Using their heightened sense of smell, turkey vultures locate and feed on carrion. They prefer freshly dead mammals, but will also eat carcasses from reptiles, fish, other birds, and even insects. Given their food of choice, the pests need their hardy immune systems to protect them against diseases common in raw meat like botulism, salmonellosis, and cholera.

HABITAT

These opportunistic birds can be found mainly in suburban and rural areas, though vultures will live wherever food is plentiful. Landfills and other large collections of garbage attract them. The pests are often soaring in the air by morning looking for the day’s catch and perch on fence posts, trees, or other elevated spots for the night. Turkey vultures nest along ledges and in rock crevices, caves, hollow logs, abandoned nests, and even barns or other buildings.

TREATMENT SOLUTIONS

ENTRY INTO HOMES OR BUSINESSES

ENTRY INTO HOMES OR BUSINESSES

Turkey vultures have adapted to human presence and will eat discarded food items. However, they are not often found in yards unless properties are sizable or a dead animal is within its boundaries. Despite this, they can roost in nearby expanses dense with trees and make periodic visits to residential areas.

PROBLEMS & DAMAGE

PROBLEMS & DAMAGE

Since turkey vultures are social birds, where there’s one, there could be hundreds.
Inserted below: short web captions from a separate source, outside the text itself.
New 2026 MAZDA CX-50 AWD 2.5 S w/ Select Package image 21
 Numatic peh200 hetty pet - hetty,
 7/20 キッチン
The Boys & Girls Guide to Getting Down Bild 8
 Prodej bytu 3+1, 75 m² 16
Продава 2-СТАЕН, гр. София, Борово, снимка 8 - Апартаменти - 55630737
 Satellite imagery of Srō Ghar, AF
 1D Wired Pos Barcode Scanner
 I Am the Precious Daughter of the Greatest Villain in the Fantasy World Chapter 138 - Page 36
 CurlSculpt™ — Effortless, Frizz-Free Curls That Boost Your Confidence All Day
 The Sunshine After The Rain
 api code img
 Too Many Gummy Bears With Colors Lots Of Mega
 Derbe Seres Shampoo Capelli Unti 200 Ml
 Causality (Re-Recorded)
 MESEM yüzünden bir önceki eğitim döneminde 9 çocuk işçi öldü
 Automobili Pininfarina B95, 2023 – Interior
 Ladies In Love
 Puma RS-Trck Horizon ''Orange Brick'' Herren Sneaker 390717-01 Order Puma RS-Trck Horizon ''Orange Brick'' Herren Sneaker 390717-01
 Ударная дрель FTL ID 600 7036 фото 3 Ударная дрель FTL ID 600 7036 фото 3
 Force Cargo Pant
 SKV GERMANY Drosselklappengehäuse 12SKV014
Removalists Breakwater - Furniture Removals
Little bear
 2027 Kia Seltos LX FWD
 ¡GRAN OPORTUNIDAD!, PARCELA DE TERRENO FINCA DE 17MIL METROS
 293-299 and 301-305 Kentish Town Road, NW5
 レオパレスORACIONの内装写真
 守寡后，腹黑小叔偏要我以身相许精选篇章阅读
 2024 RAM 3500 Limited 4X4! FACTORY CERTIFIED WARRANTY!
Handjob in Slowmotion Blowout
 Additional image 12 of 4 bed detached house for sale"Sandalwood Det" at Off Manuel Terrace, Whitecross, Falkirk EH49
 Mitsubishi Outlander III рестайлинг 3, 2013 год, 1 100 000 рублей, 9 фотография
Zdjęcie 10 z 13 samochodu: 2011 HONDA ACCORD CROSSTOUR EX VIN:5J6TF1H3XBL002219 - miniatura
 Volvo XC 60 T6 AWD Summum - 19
They roost together high in trees and on other structures, leaving an enormous amount of droppings below. While their stomach acid kills most bacteria associated with other avian feces, the sheer volume of waste can be a problem. In some instances, vultures leave bones and animal carcasses behind, attracting insects and vermin. The pests pick at shingles, caulking, and roofing, while they are also known to attack lawn ornaments, outdoor furniture, and pool toys.

PREVENTION & EXCLUSION

PREVENTION & EXCLUSION

These migratory birds are protected by federal law, so they cannot be harmed or killed. Homeowners can discourage the presence of vultures, although most remedies are costly and time consuming. For example, bird spikes or shock traps can be put in place to make landing surfaces less hospitable. Various noisemakers and motion deterrents are available as well. However, all require a significant investment for uneven results and may require climbing to dangerous heights for installation.